The traditional account of the origin of the Septuagint tells us it was
translated from the original Hebrew by seventy (or perhaps seventy-two)
pious Jews at the order of King Ptolemy Philadelphus (285-246 B.C.).
How did it happen? How is it that this Greek language edition made
in far off Alexandria became the Bible used by our Lord's Apostles and
their successors?
HISTORY OF THE SEPTUAGINT
In about 94 A.D. the Jewish historian Flavius
Josephus put together his great work, Antiquities of the Jews, relying
heavily on the Scriptures, which he drew from the Septuagint version. By
this time the Apostles of Christ were writing - Gospels and Epistles.
And we see that they were using the Septuagint almost exclusively - of
the two hundred thirty-eight passages from the Old Testament quoted in
the New Testament, only four are from the Hebrew and all the rest from
the Septuagint. Even the Revelation of St. John, which does not quote
the Old Testament directly, is filled with Septuagint words and phrases.
Examining the Gospels and the Epistles carefully, we are met over and
over by words and phrases which cannot be fully understood without
referring to their earlier use in the Septuagint.
BEYOND THE APOSTOLIC AGE
Moving beyond the Apostolic age, we find the Church "fathers" also using
the Septuagint almost exclusively. Turning first to the Apostolic
fathers, we find the Letter of Clement of Rome to Corinth so directly
dependent upon the Septuagint as to establish his exclusive use of that
version. Though St. Ignatius of Antioch quotes from the Old Testament
only seldom in his letters, all his quotations and allusions to those
Scriptures are from the Septuagint. The same is true of St. Polycarp of
Smyrna.
In the middle and late second century A.D., we find
both St. Justin Martyr and St. Irenaeus of Lyons heavily dependent upon
the Septuagint, quoting from it extensively. Each gives an account of
the history of this great translation, just as they had heard and read
from those who preceded them. And we have only touched on the beginning,
for the Septuagint continued to be the Old Testament of the Church.

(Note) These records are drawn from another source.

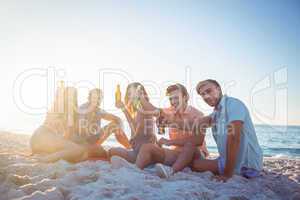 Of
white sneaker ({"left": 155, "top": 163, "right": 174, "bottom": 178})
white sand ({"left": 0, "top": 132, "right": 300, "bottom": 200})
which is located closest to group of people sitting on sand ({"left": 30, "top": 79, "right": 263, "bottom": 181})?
white sneaker ({"left": 155, "top": 163, "right": 174, "bottom": 178})

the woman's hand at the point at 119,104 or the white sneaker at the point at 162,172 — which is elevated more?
the woman's hand at the point at 119,104

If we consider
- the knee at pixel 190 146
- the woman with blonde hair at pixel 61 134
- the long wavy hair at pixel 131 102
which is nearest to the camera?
the knee at pixel 190 146

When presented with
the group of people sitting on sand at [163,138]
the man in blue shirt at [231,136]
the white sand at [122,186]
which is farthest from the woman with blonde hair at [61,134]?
the man in blue shirt at [231,136]

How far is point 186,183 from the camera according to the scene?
123 inches

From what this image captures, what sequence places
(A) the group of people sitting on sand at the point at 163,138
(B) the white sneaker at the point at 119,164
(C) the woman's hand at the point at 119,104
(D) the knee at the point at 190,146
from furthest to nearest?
1. (C) the woman's hand at the point at 119,104
2. (D) the knee at the point at 190,146
3. (B) the white sneaker at the point at 119,164
4. (A) the group of people sitting on sand at the point at 163,138

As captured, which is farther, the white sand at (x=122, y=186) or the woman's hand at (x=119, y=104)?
the woman's hand at (x=119, y=104)

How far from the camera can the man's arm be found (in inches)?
144

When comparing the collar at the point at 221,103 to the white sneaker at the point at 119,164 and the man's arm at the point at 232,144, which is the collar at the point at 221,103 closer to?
the man's arm at the point at 232,144

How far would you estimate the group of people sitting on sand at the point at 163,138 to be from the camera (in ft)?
12.7

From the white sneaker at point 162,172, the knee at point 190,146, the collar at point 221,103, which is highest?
the collar at point 221,103

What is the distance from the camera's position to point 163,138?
451 centimetres

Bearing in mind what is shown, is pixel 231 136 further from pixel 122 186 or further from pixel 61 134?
pixel 61 134

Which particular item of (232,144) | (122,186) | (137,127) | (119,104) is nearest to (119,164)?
(137,127)

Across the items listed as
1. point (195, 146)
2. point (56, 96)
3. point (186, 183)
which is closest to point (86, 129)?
point (56, 96) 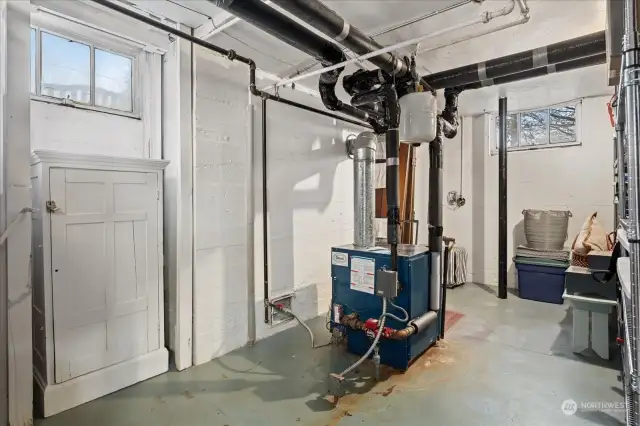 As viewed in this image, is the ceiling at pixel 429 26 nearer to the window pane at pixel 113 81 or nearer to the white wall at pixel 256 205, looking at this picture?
the white wall at pixel 256 205

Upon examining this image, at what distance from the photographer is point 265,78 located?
3.28 m

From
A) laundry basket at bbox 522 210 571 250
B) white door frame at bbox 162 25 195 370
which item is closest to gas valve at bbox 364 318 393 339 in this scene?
white door frame at bbox 162 25 195 370

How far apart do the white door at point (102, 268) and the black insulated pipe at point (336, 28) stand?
4.95ft

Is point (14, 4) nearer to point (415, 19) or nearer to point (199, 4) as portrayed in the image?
point (199, 4)

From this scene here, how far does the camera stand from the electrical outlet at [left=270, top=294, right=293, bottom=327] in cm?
326

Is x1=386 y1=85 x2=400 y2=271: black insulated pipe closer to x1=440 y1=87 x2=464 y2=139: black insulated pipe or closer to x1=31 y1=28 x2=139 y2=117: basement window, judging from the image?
x1=440 y1=87 x2=464 y2=139: black insulated pipe

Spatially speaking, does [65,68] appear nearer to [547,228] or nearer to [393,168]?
[393,168]

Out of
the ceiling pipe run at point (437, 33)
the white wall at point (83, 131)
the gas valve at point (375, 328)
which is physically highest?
the ceiling pipe run at point (437, 33)

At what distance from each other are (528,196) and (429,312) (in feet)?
10.1

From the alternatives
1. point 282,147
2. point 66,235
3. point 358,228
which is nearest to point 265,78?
point 282,147

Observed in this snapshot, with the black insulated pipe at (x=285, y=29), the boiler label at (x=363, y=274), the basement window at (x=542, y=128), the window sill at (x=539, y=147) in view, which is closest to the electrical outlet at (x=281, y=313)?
the boiler label at (x=363, y=274)

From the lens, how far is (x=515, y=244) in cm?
488

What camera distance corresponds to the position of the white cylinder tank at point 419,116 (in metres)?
2.51

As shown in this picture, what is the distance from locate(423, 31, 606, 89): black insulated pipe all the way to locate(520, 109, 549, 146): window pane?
2484mm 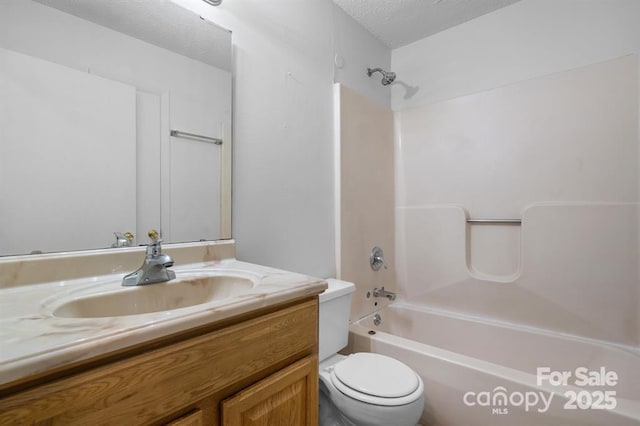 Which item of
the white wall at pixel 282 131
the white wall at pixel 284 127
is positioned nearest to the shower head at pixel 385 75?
the white wall at pixel 284 127

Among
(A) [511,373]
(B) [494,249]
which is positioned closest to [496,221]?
(B) [494,249]

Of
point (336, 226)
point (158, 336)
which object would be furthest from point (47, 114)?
point (336, 226)

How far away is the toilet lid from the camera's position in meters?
1.09

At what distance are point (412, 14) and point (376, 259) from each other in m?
1.64

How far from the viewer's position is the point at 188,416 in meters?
0.57

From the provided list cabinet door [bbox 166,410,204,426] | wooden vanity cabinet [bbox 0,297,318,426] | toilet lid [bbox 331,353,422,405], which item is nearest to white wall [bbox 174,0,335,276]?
toilet lid [bbox 331,353,422,405]

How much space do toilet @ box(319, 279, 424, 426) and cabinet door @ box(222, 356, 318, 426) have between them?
1.08 ft

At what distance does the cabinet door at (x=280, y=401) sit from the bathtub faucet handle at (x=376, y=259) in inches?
50.0

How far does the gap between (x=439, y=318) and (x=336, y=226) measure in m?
1.00

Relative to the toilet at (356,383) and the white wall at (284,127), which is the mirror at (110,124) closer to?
the white wall at (284,127)

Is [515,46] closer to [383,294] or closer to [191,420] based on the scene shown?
[383,294]

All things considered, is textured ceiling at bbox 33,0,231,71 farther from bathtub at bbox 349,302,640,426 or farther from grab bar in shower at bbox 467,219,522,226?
grab bar in shower at bbox 467,219,522,226

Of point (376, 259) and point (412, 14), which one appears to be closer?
point (412, 14)

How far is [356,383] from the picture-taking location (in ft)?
3.81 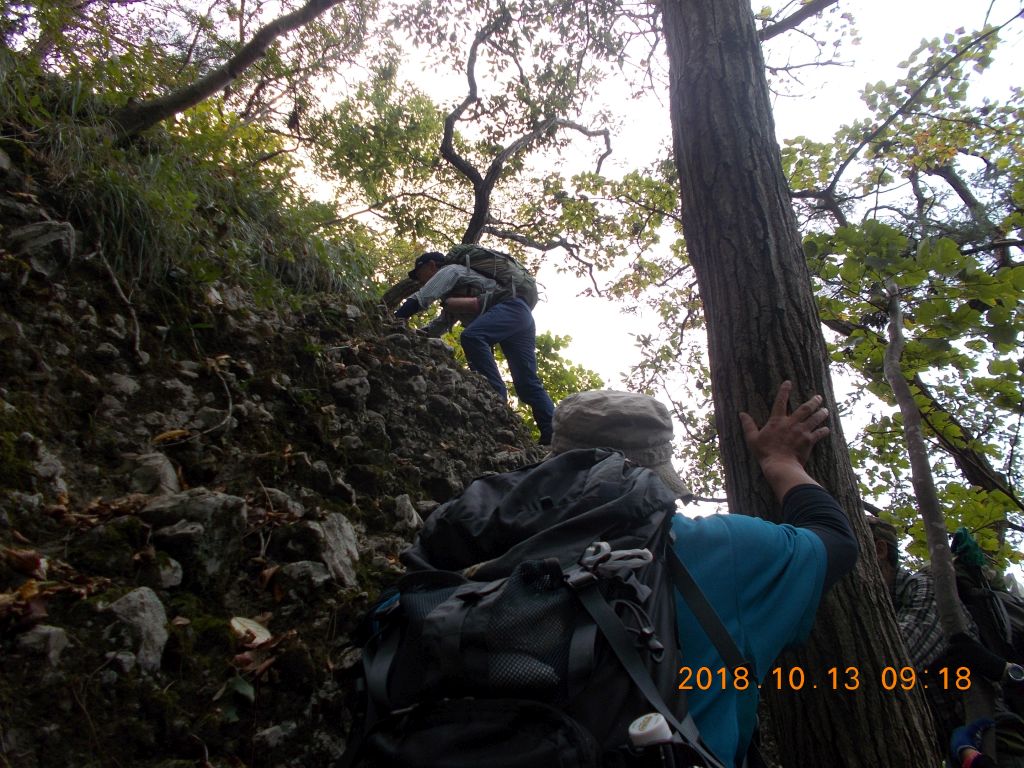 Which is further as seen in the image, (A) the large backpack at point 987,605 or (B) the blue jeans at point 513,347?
(B) the blue jeans at point 513,347

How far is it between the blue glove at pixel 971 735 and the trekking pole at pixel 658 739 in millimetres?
1942

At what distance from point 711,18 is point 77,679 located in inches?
140

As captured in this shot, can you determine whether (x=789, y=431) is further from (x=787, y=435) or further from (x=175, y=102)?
(x=175, y=102)

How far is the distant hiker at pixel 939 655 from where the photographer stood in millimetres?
2494

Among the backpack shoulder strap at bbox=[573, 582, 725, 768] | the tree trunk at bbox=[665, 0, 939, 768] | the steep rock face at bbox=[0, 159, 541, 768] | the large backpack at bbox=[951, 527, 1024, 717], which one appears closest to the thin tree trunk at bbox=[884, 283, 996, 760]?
the large backpack at bbox=[951, 527, 1024, 717]

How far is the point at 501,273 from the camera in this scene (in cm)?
623

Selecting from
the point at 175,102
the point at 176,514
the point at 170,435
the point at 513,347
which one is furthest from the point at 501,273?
the point at 176,514

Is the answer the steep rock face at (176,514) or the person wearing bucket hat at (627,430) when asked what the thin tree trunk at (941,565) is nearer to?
the person wearing bucket hat at (627,430)

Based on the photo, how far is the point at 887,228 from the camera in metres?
3.14

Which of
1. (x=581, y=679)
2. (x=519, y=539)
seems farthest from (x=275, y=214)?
(x=581, y=679)

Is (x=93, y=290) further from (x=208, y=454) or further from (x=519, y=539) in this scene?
(x=519, y=539)

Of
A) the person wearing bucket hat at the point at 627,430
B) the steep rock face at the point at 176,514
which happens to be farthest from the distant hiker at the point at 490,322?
the person wearing bucket hat at the point at 627,430

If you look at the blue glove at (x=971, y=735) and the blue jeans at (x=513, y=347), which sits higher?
the blue jeans at (x=513, y=347)

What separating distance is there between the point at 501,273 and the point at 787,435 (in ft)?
14.1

Produced not in the Holy Land, but in Alexandria, it was first a truly
"popular" version among the Jews, having arisen in the first
place from the needs of the people. Its use in the synagogues helped
keep the faith alive amongst the people, preventing them from being
completely dependent upon a priesthood which alone knew the sacred
tongue. Now, among the Christians, it served the same end.

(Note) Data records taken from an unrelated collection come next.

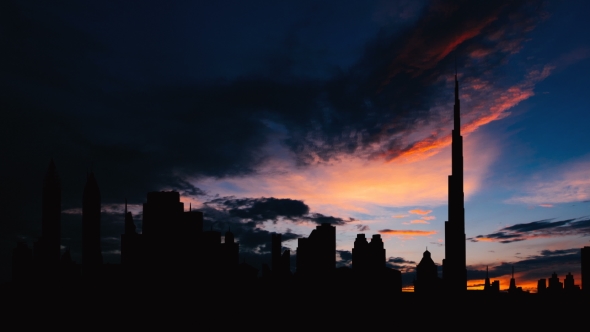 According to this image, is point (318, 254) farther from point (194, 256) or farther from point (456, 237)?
point (456, 237)

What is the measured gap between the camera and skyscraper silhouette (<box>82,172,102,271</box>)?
16275 centimetres

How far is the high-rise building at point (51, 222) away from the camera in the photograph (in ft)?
569

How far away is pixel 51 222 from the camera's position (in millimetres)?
175375

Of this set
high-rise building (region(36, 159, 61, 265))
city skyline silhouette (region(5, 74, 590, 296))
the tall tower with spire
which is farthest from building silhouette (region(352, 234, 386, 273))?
high-rise building (region(36, 159, 61, 265))

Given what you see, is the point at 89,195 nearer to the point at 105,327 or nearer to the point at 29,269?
the point at 29,269

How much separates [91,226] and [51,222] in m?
15.3

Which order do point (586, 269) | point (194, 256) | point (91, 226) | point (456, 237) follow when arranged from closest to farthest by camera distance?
point (194, 256) < point (586, 269) < point (91, 226) < point (456, 237)

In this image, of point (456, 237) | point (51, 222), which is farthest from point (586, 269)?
point (51, 222)

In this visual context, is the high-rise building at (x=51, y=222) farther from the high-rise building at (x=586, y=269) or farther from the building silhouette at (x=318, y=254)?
the high-rise building at (x=586, y=269)

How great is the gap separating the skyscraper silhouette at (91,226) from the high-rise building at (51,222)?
435 inches

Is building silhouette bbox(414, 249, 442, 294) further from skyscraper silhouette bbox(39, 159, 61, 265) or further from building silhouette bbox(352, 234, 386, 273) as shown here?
skyscraper silhouette bbox(39, 159, 61, 265)

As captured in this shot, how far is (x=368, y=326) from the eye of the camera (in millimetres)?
141750

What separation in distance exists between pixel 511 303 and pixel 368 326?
266 ft

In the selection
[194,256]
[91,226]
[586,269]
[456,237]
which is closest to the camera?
[194,256] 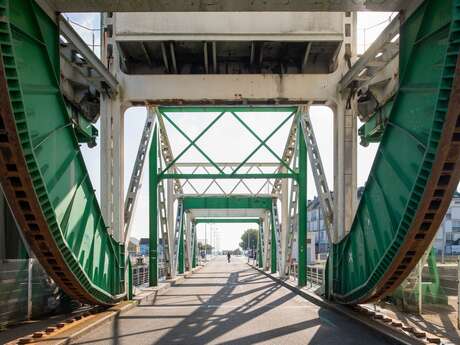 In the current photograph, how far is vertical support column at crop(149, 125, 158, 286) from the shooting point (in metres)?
17.1

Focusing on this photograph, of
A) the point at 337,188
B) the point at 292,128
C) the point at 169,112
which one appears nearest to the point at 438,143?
the point at 337,188

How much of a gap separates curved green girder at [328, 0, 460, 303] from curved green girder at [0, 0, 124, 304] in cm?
482

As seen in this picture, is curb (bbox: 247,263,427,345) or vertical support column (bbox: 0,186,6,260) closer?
curb (bbox: 247,263,427,345)

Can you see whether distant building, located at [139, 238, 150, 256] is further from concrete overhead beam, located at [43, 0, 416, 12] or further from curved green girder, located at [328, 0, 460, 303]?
concrete overhead beam, located at [43, 0, 416, 12]

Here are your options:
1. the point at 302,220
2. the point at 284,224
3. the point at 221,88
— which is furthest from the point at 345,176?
the point at 284,224

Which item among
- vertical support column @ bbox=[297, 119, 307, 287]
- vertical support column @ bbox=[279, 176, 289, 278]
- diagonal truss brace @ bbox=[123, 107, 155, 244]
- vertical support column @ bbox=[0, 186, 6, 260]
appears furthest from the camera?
vertical support column @ bbox=[279, 176, 289, 278]

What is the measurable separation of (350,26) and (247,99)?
3.13 m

As the Church moved on, through the third and
fourth centuries, the Septuagint continued to be the Old Testament of
all the people. When Latin versions were first made in North Africa and
the West, they were derived from the Septuagint until Jerome made a
translation, the Vulgate, partially from Hebrew. In the East, and
continuing in the Orthodox Church even till today, the Septuagint has
remained the canonical Old Testament. As St. John Chrysostom wrote:
"The Holy Spirit arranged for the Holy Books to be translated by
the seventy interpreters....Christ came and received them. And the
Apostles spread them everywhere" (Commentary on the Epistle to the
Hebrews, Chapter VIII). Through the centuries since, the Church has
continued to pass them on to people everywhere.
THE BIBLE OF THE CHURCH TODAY
Serving thus first the Jews of the Dispersion throughout the East, and
then the Christians as they spread across the Roman Empire, the
Septuagint was not only the proper Old Testament of the Church, but
served as a model for the translation of the Scriptures into the
vernacular of the peoples to whom the Gospel would be taken.
Concerning the accuracy of the Septuagint, we may
profitably note that behind it lies a text more than a thousand years
older than our earliest dated Hebrew manuscript - which dates from
about 916 A.D. The very language of the New Testament is drawn from
the Septuagint - affording a vocabulary of great benefit to the early
Christian writers, and continues as our own to this very day. As we
noted, all the writers of the New Testament use the Septuagint, and some
use it exclusively. The Apostle Paul may have known the Hebrew text, but
his Old Testament references come from the Greek version - the
Septuagint. Clearly, the early Christian preachers and evangelists had
in the Septuagint a Bible accepted as authoritative by the Jews and
Christians alike. Their writings show that from it a collection of
Messianic references was made and widely used to prove that Christ was
the fulfillment of the Old Testament revelation.
A MODEL
From the very beginning the Church used the Greek version as a model
upon which to build its prayers and hymnody, singing the Septuagint
version of the Psalms in the services. Never should we forget the value
of this Old Testament version as an aid to evangelization. It had been
constructed in the first place by Jews who found themselves in a foreign
environment, a new intellectual world. Greek language and ideas were
thrust at them from every side, and the Septuagint is a testament to
their survival and prosperity in this environment. The success of this
translation bears witness to the fact that their religion, belief in the
one true God, could prosper in a world filled with Greek thought and
language. Now the Septuagint was coming into its own in the hands of the
Church established by the Son of God.
It is from the Septuagint that we get our names for
the five books of Moses - the "Pentateuch" first of all, and
then "Genesis," "Exodus," "Leviticus,"
"Numbers," "Deuteronomy." Also, innumerable terms so
common we never think of their origin: ecclesia, priest, deacon,
parable, apostle, prophet, angel, alms, and on and on.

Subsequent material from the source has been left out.